- **Data under study**
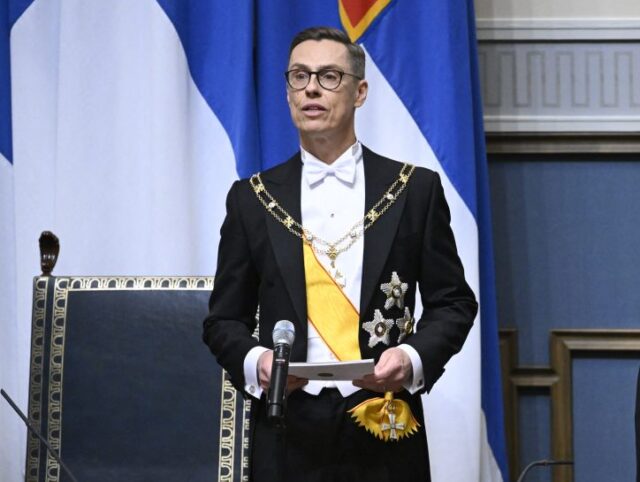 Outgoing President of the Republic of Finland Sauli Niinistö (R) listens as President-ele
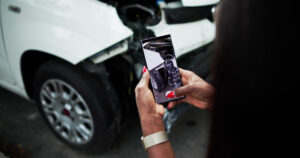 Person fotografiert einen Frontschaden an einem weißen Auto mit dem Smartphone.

* * *

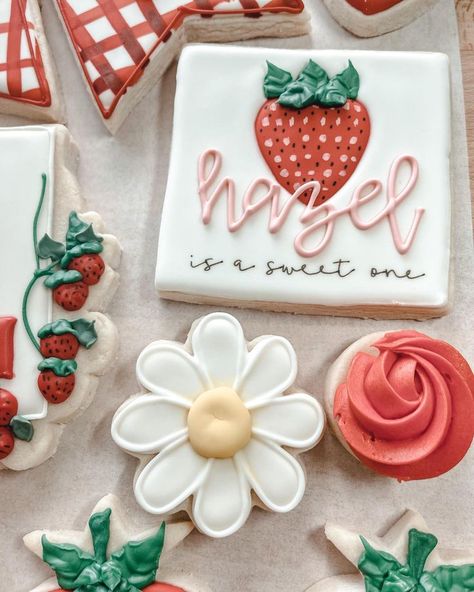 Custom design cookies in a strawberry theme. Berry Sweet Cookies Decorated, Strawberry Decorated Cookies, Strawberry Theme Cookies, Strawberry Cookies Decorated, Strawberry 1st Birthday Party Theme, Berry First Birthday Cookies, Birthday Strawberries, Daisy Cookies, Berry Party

- **Directions**
Using the material above, reproduce only the lines that run from the line with "Outgoing President of" up to and including the line with "Person fotografiert einen", exactly, with the pictures dropped.

- **Solved problem**
 Outgoing President of the Republic of Finland Sauli Niinistö (R) listens as President-ele
 Person fotografiert einen Frontschaden an einem weißen Auto mit dem Smartphone.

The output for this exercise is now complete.